Linux Kernel Fastboot [pdf] - agumonkey
https://www.linuxplumbersconf.org/event/4/contributions/281/attachments/216/435/LPC_2019_kernel_fastboot_on_the_way.pdf
======
jmccorm
How nostalgic! Mind you, I say that in a good way!

This brings me back to the heydays of Sun Microsystems where they controlled
both the hardware (SPARC) and the operating system (Solaris). Sun didn't
hesitate to use this to their advantage. With Clear Linux, I see Intel doing
some very similar things. Yes, this was just a story about boot time, but it
led me to take a look at Clear Linux and it looks like it could be a star. I'm
interested in how much more performance their distribtuion is able to squeeze
out.
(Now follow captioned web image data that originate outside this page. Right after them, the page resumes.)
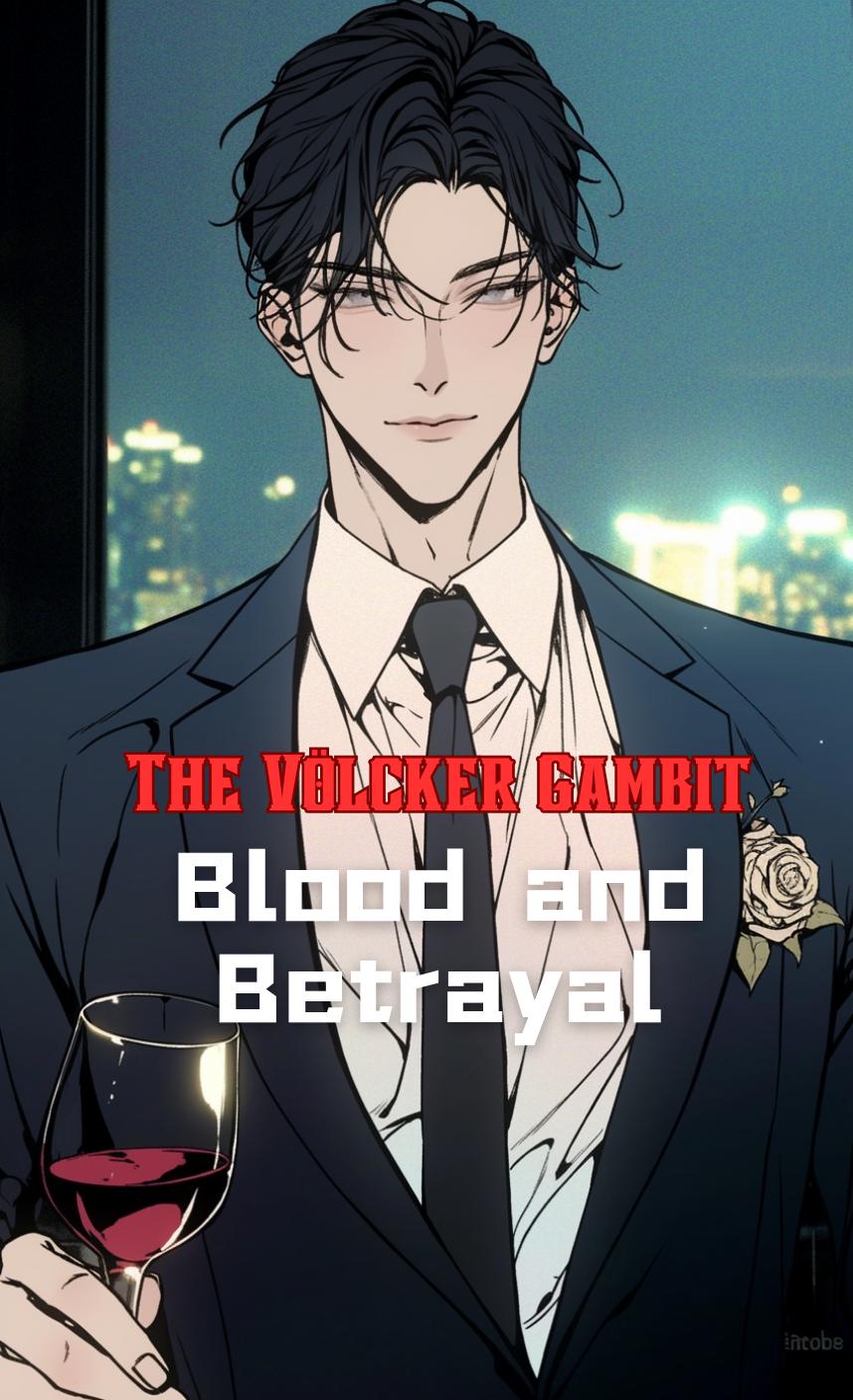 The Völcker Gambit: Blood and Betrayal thumbnail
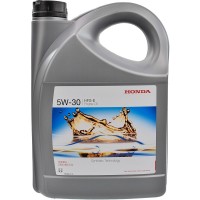 HONDA HFS-E 5W-30 4л. 08232P99C4LHE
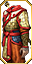 Wukong'un Güneş Elbisesi Erkek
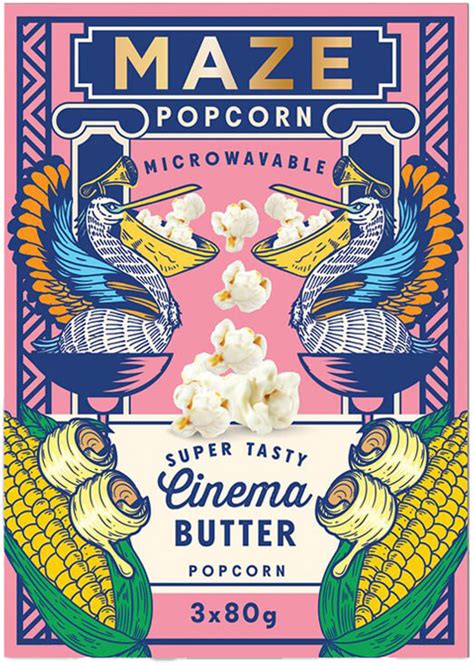 cinema butter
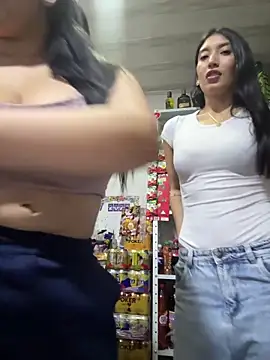 emilyjohanson online show from 02/05/26, 11:31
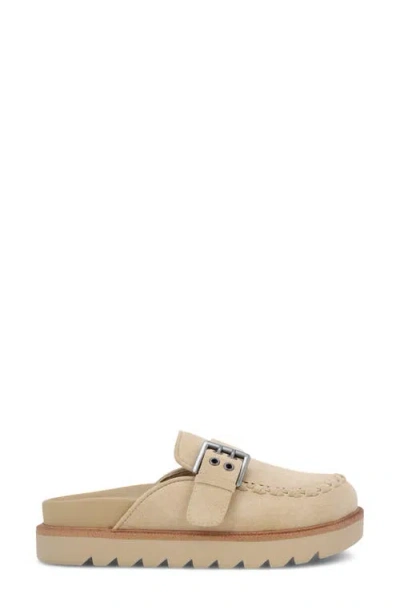 Mia Zaina Mule In Neutral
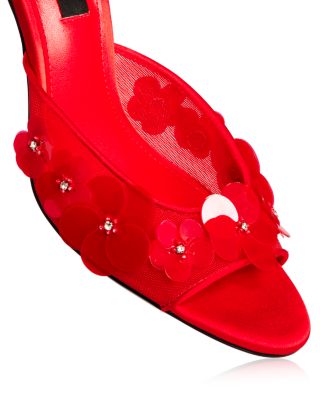Women's Dasy Sandals - Exclusive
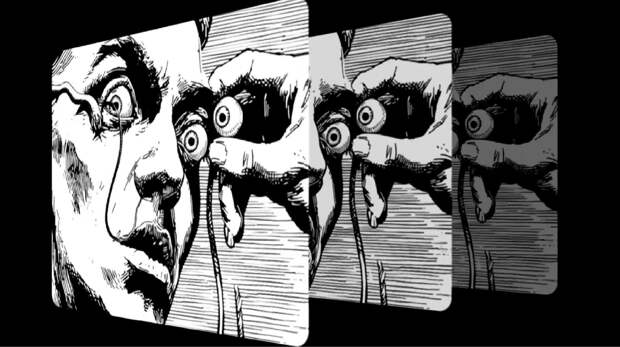 Разработчики объявили о старте бета-теста игры «Черная рука» (They Come in Fives)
I'm also wondering how they're dividing their focus here and what high
notes they're trying to achieve.

At a strategic level, I'm assuming that they're wanting to distinguish
themselves from ARM? Are they looking to create a well-tuned reference for
other Linux distributions on Intel to adopt? At a tactical level, I see
they're focusing on performance, availability (which boot time would be a
function of)... but are they tweaking for other things such as reliability?
Fault tolerance?

Until now, Clear Linux wasn't even on my radar. Today, it is. Anyone have some
experiences with this distro (for better or worse) that they'd like to share?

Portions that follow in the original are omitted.